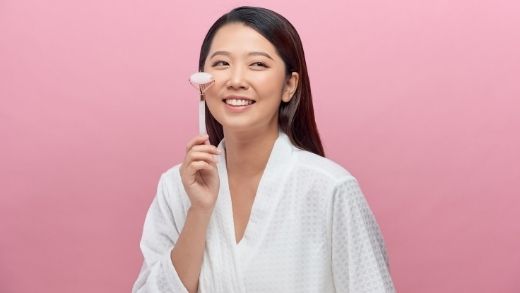 How To Use A Jade Roller (with Video Tutorial)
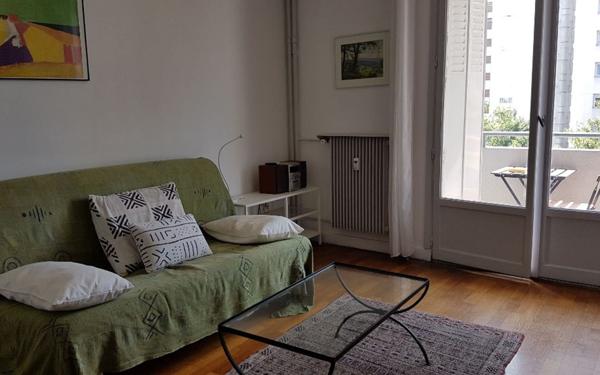 Appartement à louer    1 pièce •  Lyon 7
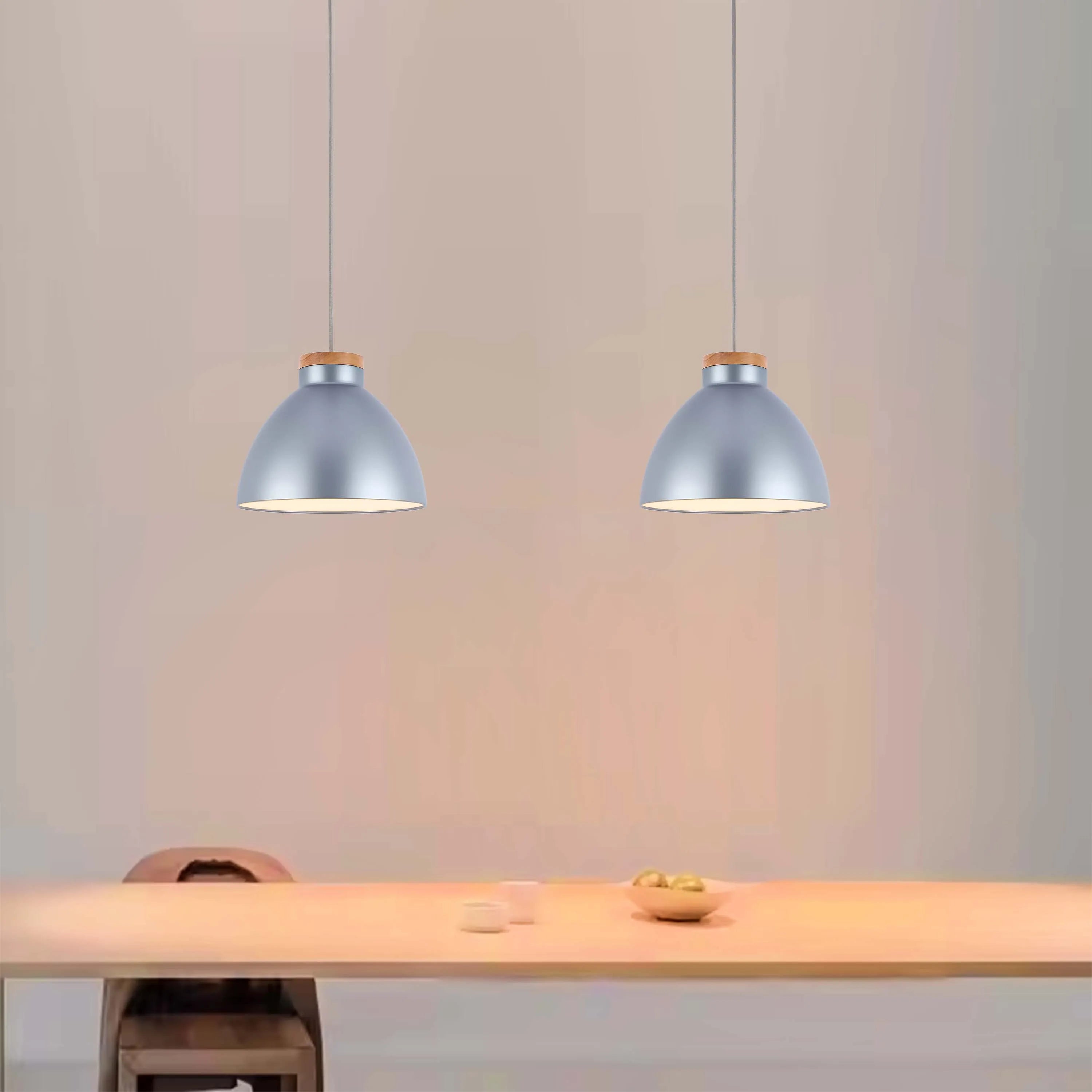 Lámpara colgante tipo cúpula con detalle en madera – Casquillo E27, máximo 40W, IP20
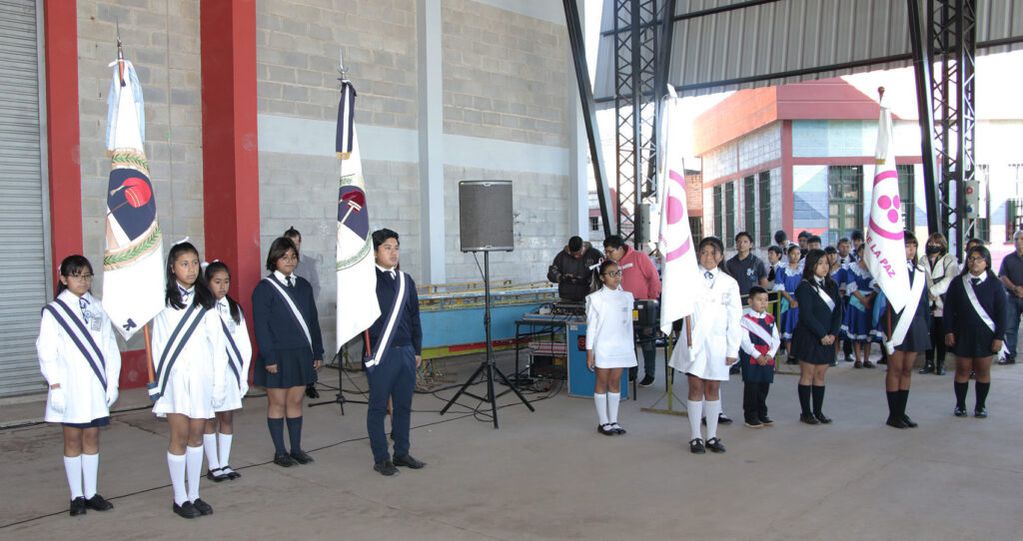 Abanderados y escoltas de la Escuela Municipal "Maestra Marina Vilte" de San Salvador de Jujuy, en el acto oficiado en el Multiespacio El Alto.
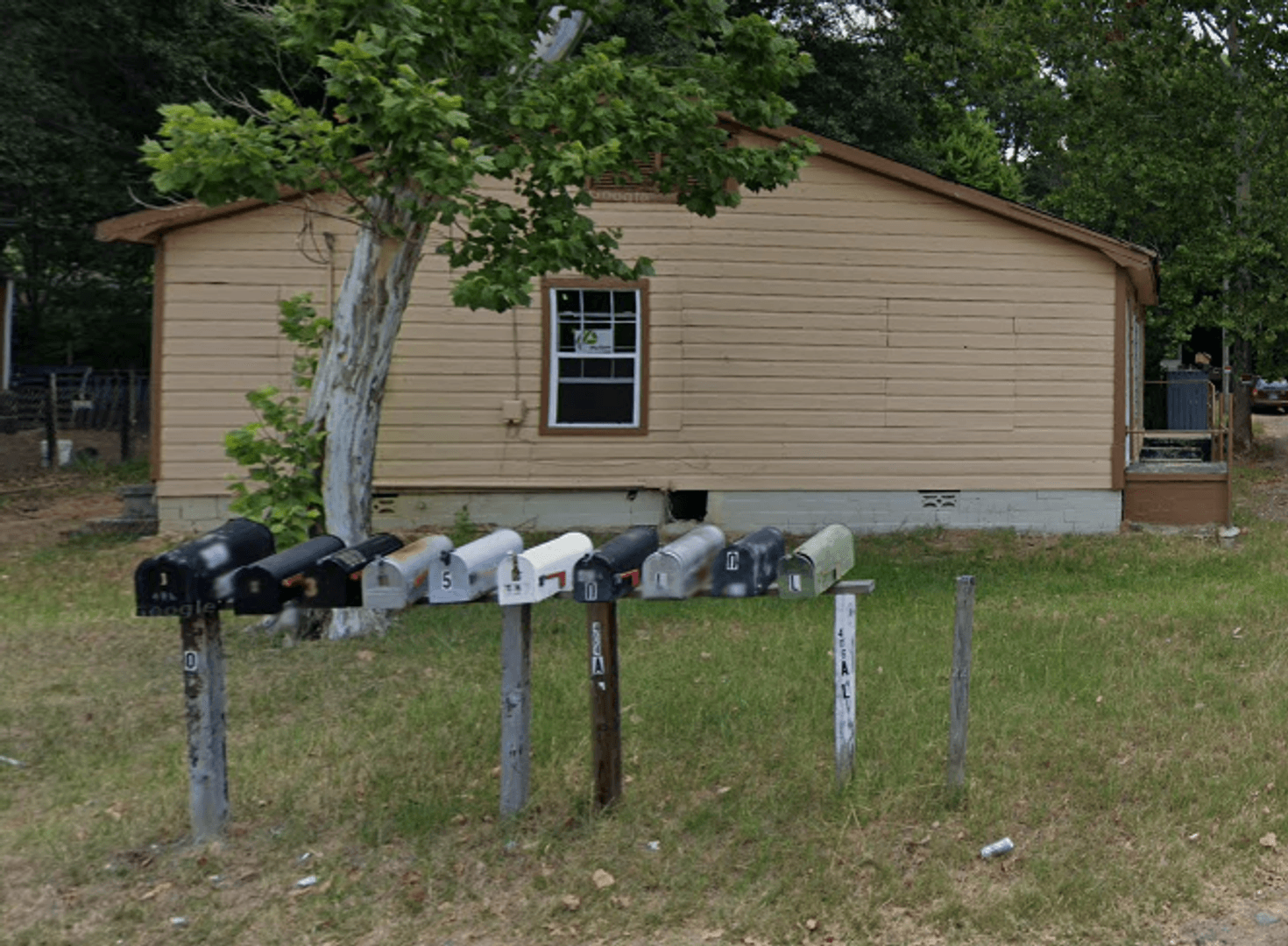 Longview Apartment: 402 Davis St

To do ▸ Quote only the lines that start at the line holding "Abanderados y escoltas" and end at the last line of the entries, including both of those lines, and omit every picture.

Solution ▸
 Abanderados y escoltas de la Escuela Municipal "Maestra Marina Vilte" de San Salvador de Jujuy, en el acto oficiado en el Multiespacio El Alto.
 Longview Apartment: 402 Davis St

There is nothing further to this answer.